Excellent and interesting posts. Not to quarrel with anything that was said, but I would add from ancient memory that much of the opposition to Civil Defense was based on a fear that military leaders and the president might come to think a nuclear war was an option, or at least that they had to prepare as if for war in order to have a credible deterrent. (The Soviet Union had a massive civil defense program, which was often cited in support of a comparable US program.) There was a similar debate over the continuing development and testing of nuclear weapons, far beyond any conceivable need or possibility of use. The danger of triggering a war by preparing for it is portrayed with a kind of realism in the film Doctor Strangelove, which conveys the mistrust many of us had for the officials who wanted to think about the unthinkable. This is a bit off from the original question, but I think addresses an underlying theme in the responses.

bojacobs

I teach nuclear history in Hiroshima, and while one can claim that things like covering your head with a newspaper did in some small measure offer a thin improvement of protection, every time anyone here sees that the response is somewhere between absurd laughter and tears. As a historian the thing that is so ridiculous about that is the idea that people would have a few seconds between the flash of the detonation and the impact of the blast and heat to do things like get down on the ground, hide behind a wall, or put a newspaper over your head.

The point of the film, as has been mentioned, was to train children to survive a nuclear attack without the assistance of adults, but much of the discussion here misses the point. While a case can be made that there was a need to train children what to do to survive, there are many very powerful subtexts to this film that have nothing to do with survival. One of the most clearly absurd is the notion that within a minute or two of a nuclear detonation the adults would magically return and restore order. I think even second graders understood that this was crazy. But far more than that was the constant repeating, almost mantra-like, that when the bomb explodes there might well be no adults around and that children would have to face this horrid weapon and survive on their own. The film is infused with the message that adult society is unreliable, and that their ultimate product, nuclear weapons, will be something you encounter alone.

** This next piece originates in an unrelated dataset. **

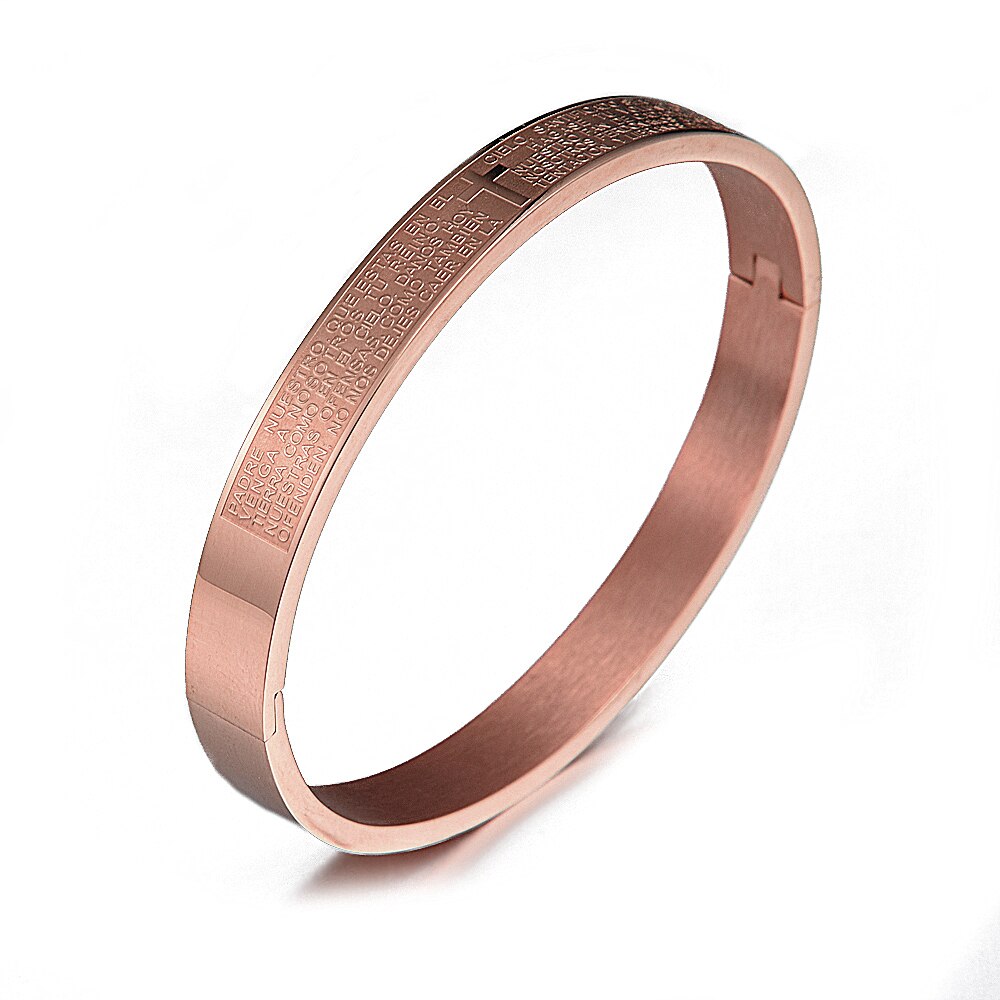 Bracelet manchette croisé de luxe pour hommes et femmes, en acier inoxydable, ouvert, sculpture écriture espagnole, bijoux,: Rose Gold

Living here in Hiroshima, and having talked to countless survivors who were themselves children when they experienced nuclear attack, the notion that training would lead to orderly action and statistical improvements in survival rates and reductions of injuries is a brutal and nasty joke.

Regardless of how accurate the information is about what does and doesn't aid survival, this focus misses the point entirely. The film was an absolute fiction.